▸ **Task goal**
Quote the whole listing exactly. Leave the pictures out of your copy.

▸ **Data extracts**
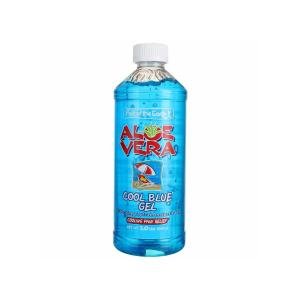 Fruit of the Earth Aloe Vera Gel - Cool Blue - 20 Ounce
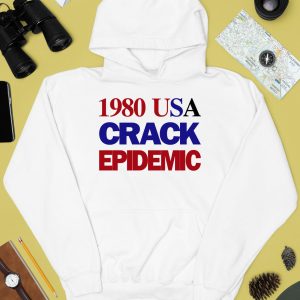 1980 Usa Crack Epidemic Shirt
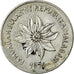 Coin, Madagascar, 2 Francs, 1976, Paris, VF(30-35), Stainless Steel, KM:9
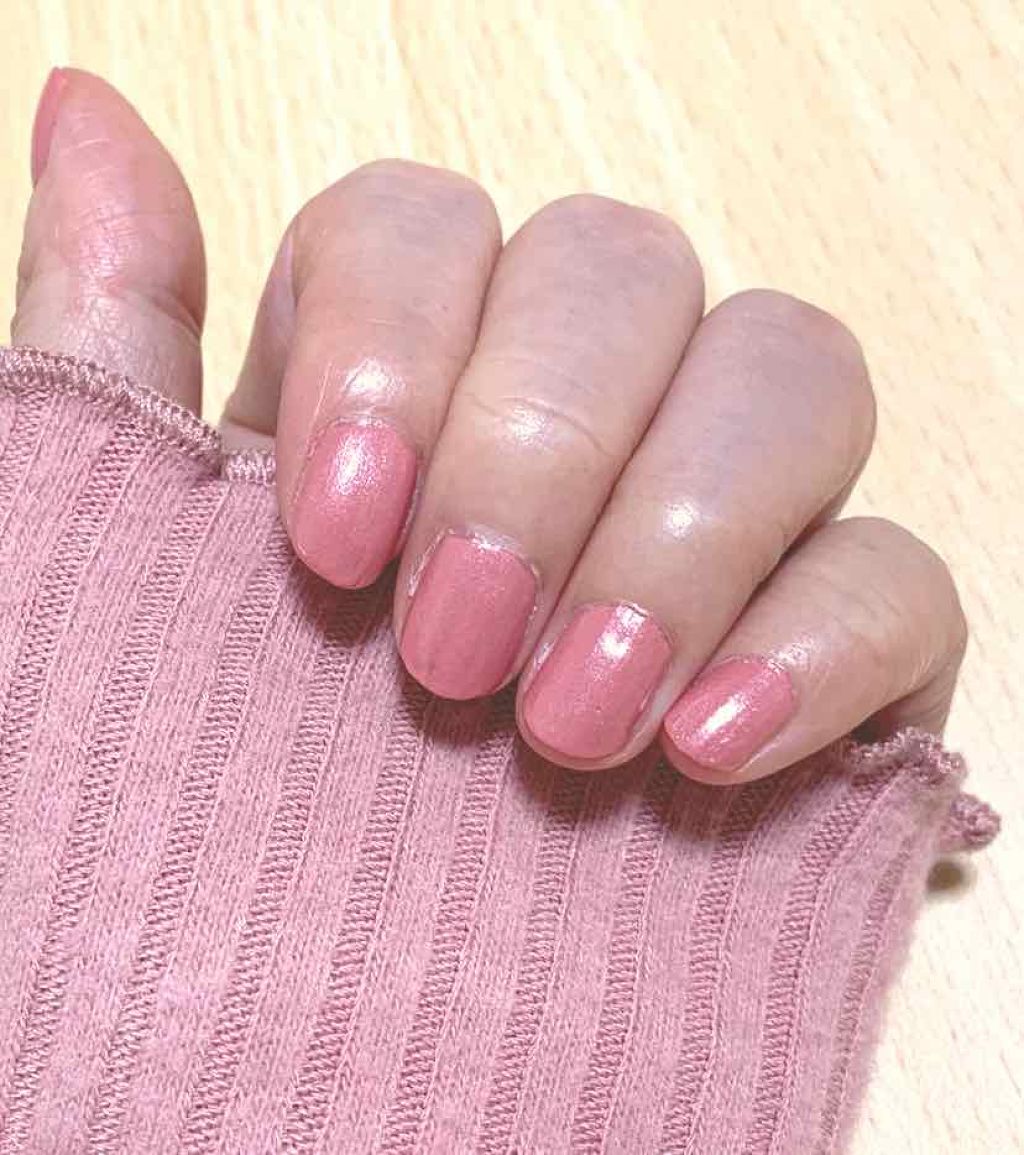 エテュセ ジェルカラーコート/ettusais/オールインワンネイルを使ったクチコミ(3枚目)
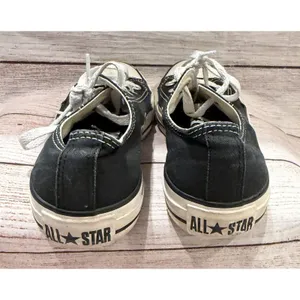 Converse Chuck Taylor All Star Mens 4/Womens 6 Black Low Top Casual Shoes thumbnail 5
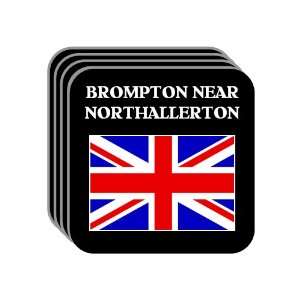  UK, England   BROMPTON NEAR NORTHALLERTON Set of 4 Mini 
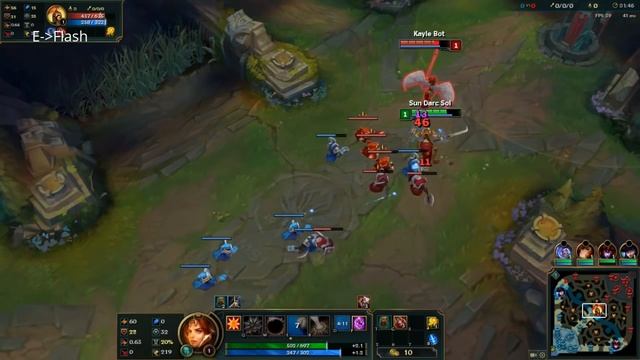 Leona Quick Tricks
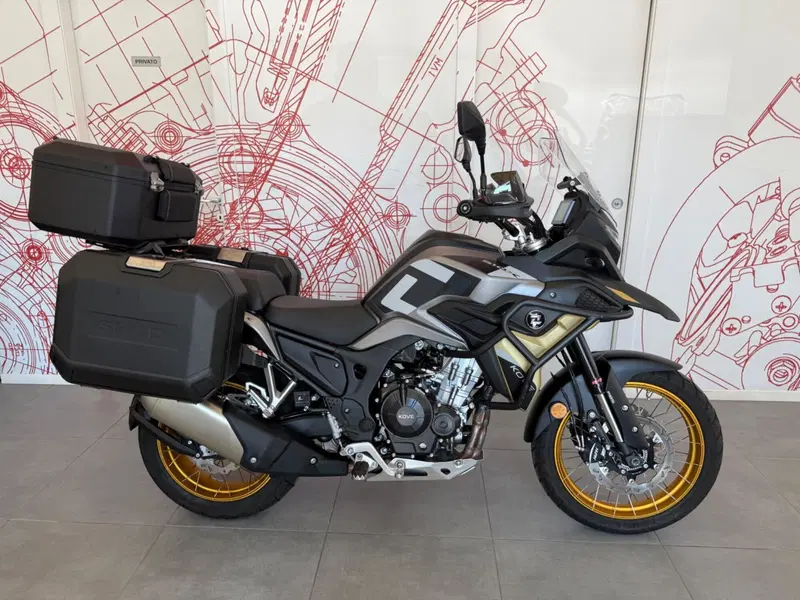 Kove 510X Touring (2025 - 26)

▸ **Solved problem**
 Fruit of the Earth Aloe Vera Gel - Cool Blue - 20 Ounce
 1980 Usa Crack Epidemic Shirt
 Coin, Madagascar, 2 Francs, 1976, Paris, VF(30-35), Stainless Steel, KM:9
 エテュセ ジェルカラーコート/ettusais/オールインワンネイルを使ったクチコミ(3枚目)
 Converse Chuck Taylor All Star Mens 4/Womens 6 Black Low Top Casual Shoes thumbnail 5
  UK, England   BROMPTON NEAR NORTHALLERTON Set of 4 Mini 
 Leona Quick Tricks
 Kove 510X Touring (2025 - 26)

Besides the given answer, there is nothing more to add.